BRIEF
Exactly and only the lines below from the one containing "Double Room - Photo 10" down to the one containing "Sr. Jason Jefferies" are wanted, both included; please exclude every picture.

EXERCISE INPUTS
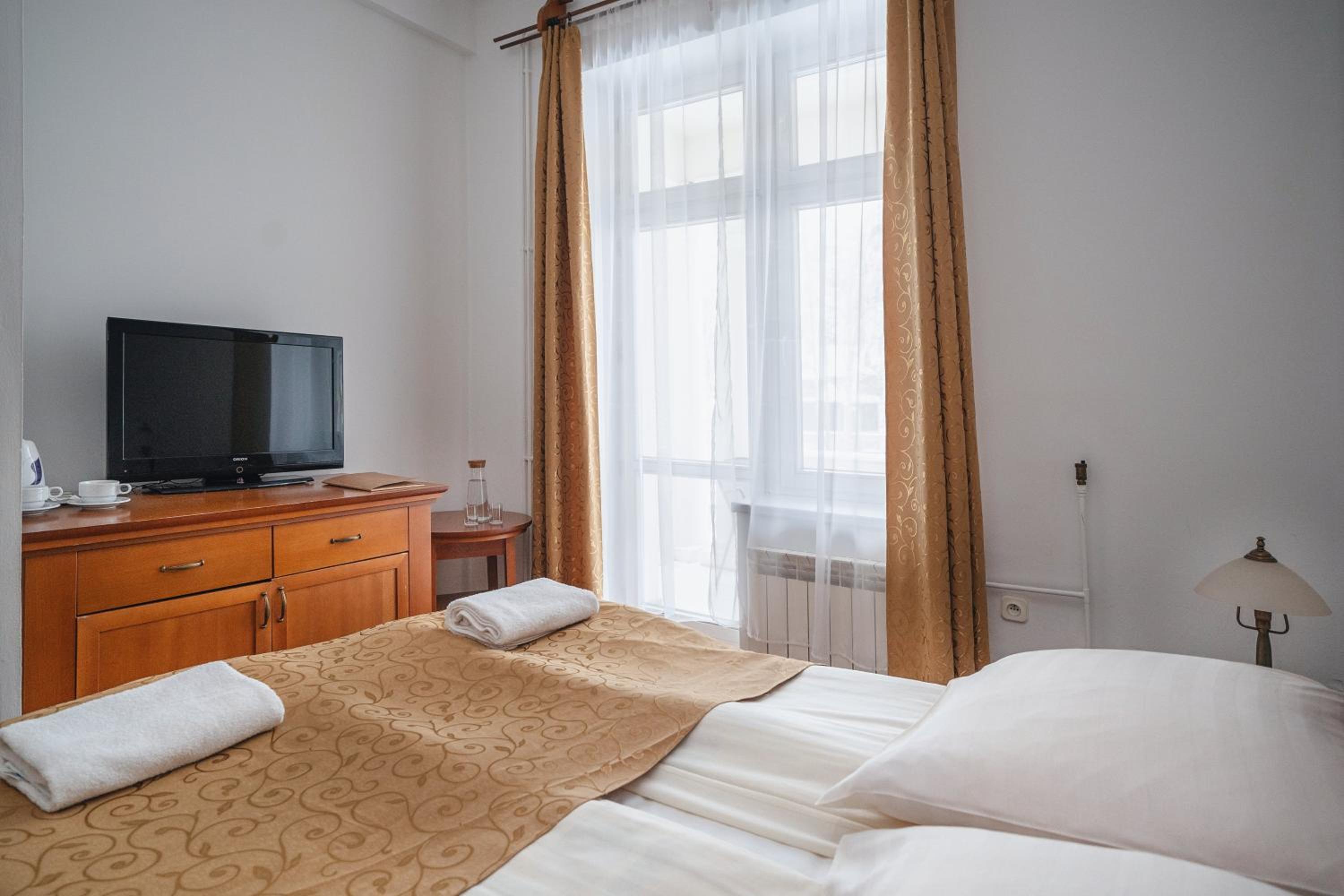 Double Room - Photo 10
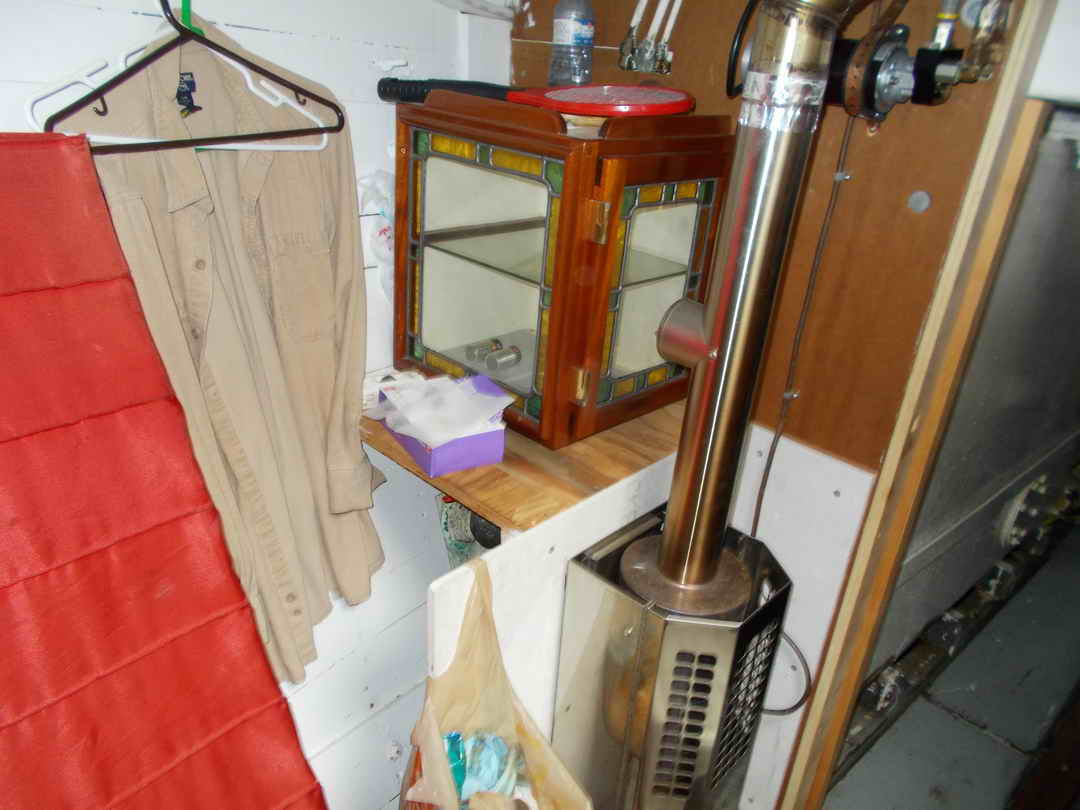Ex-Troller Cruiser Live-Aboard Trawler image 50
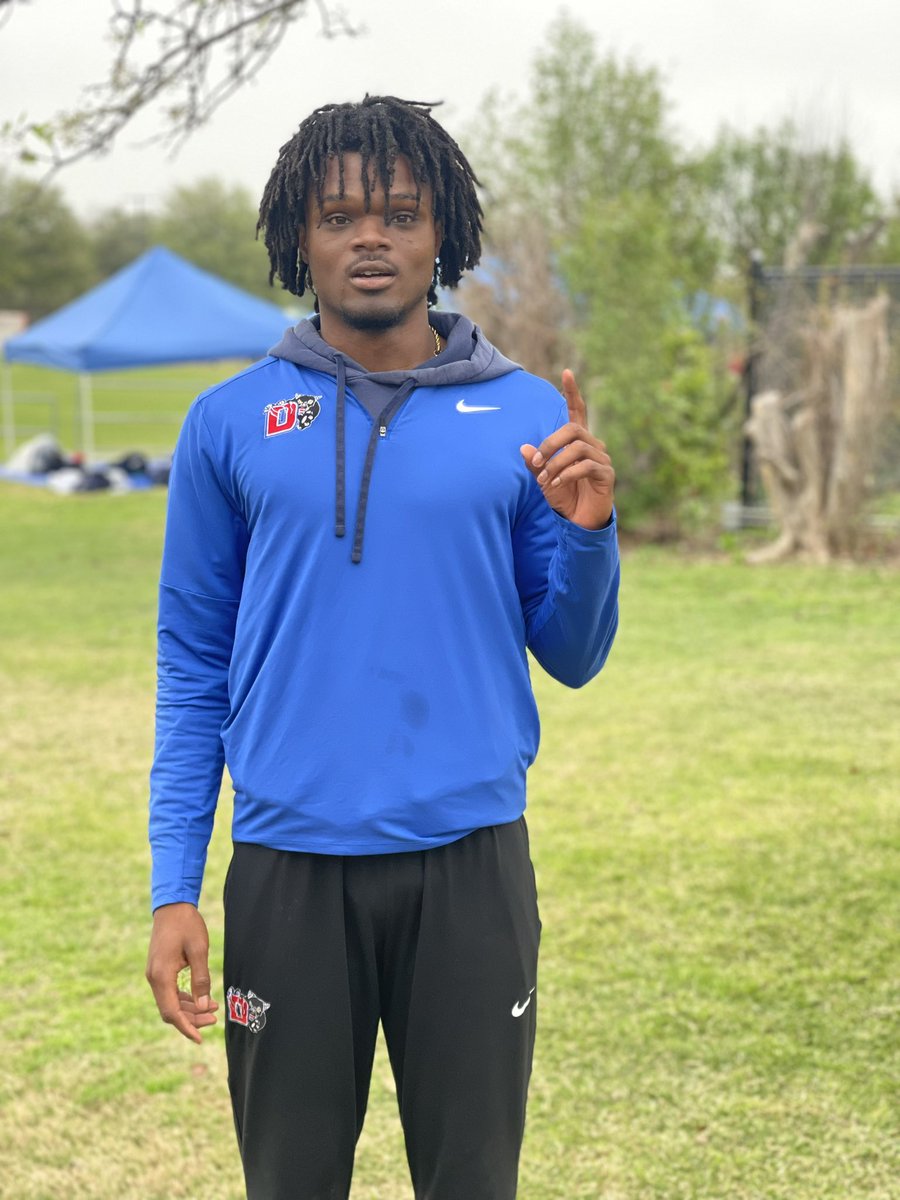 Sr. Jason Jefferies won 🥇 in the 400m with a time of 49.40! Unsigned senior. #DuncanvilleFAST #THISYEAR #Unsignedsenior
==
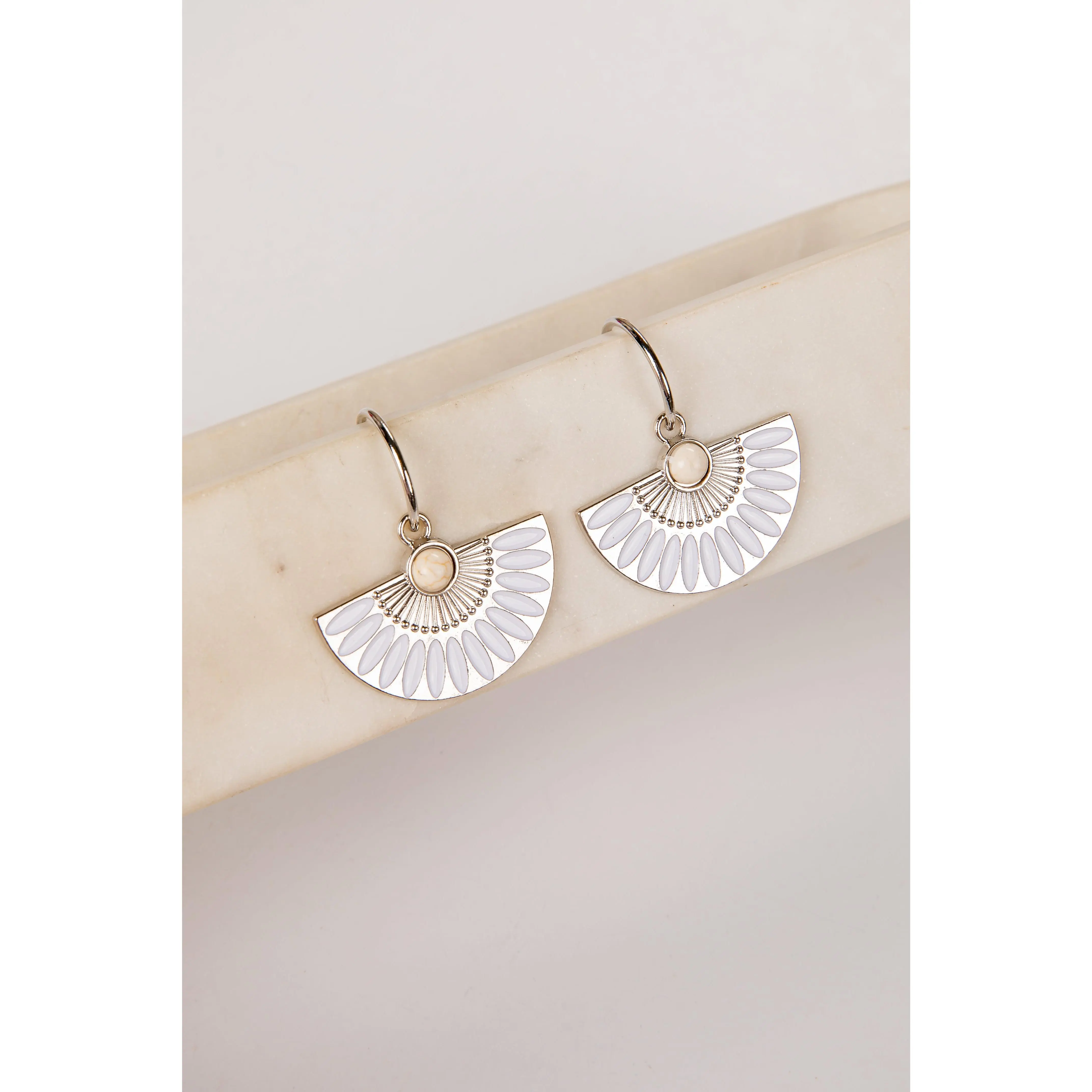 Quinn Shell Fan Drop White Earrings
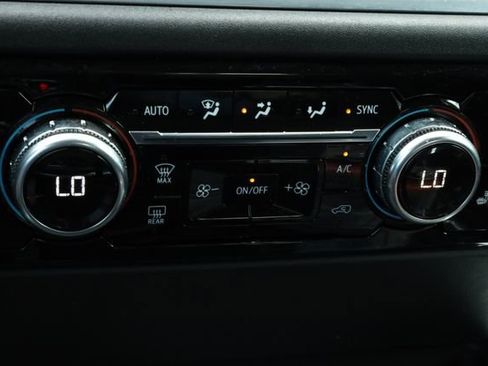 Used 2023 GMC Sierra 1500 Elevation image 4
...
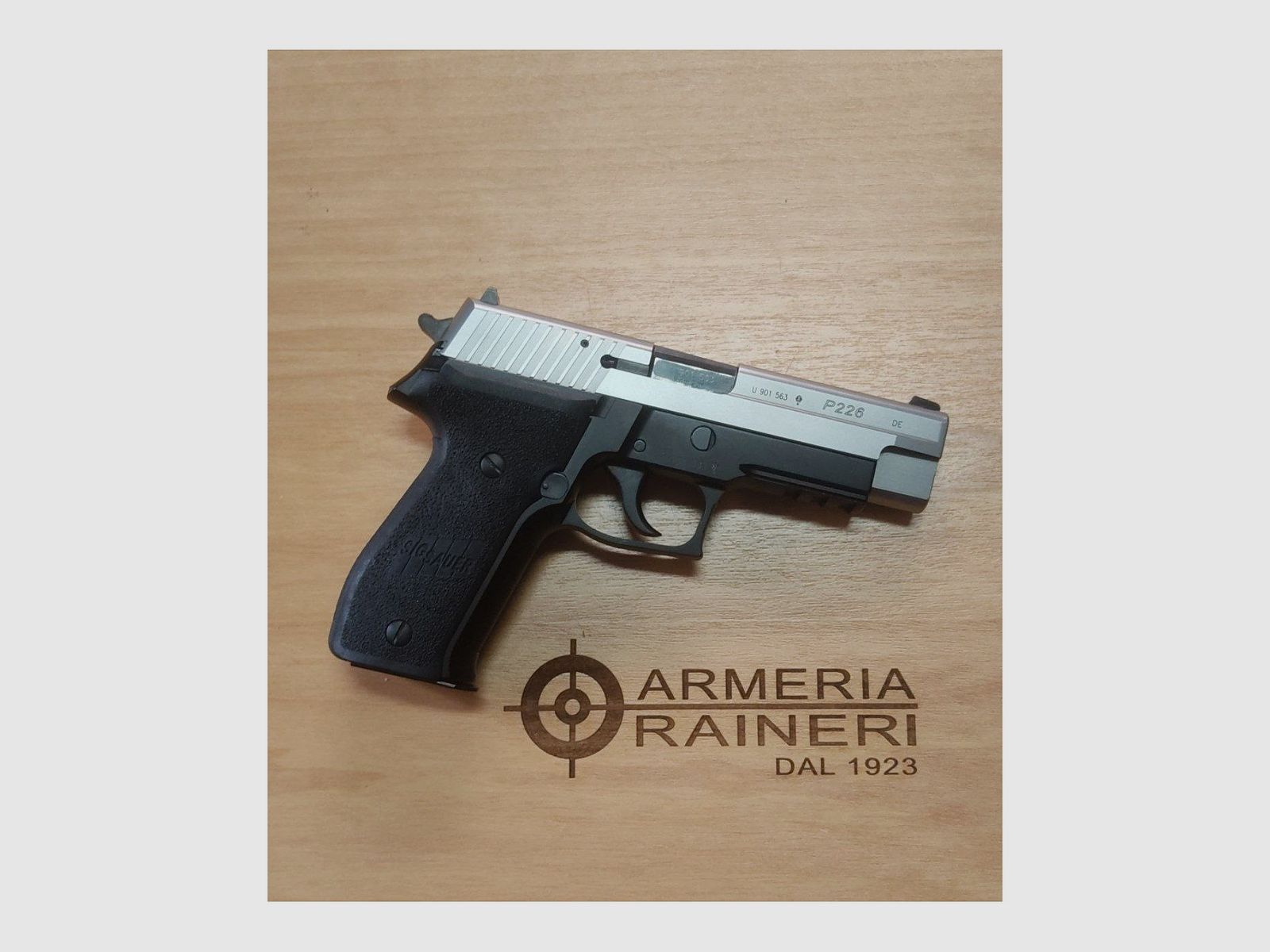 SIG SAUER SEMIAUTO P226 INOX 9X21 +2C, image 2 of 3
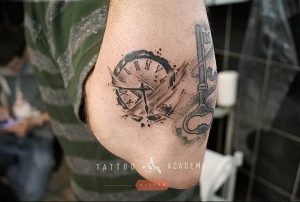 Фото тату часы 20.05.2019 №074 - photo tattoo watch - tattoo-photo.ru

ANSWER FOR THE TASK
 Double Room - Photo 10
Ex-Troller Cruiser Live-Aboard Trawler image 50
 Sr. Jason Jefferies won 🥇 in the 400m with a time of 49.40! Unsigned senior. #DuncanvilleFAST #THISYEAR #Unsignedsenior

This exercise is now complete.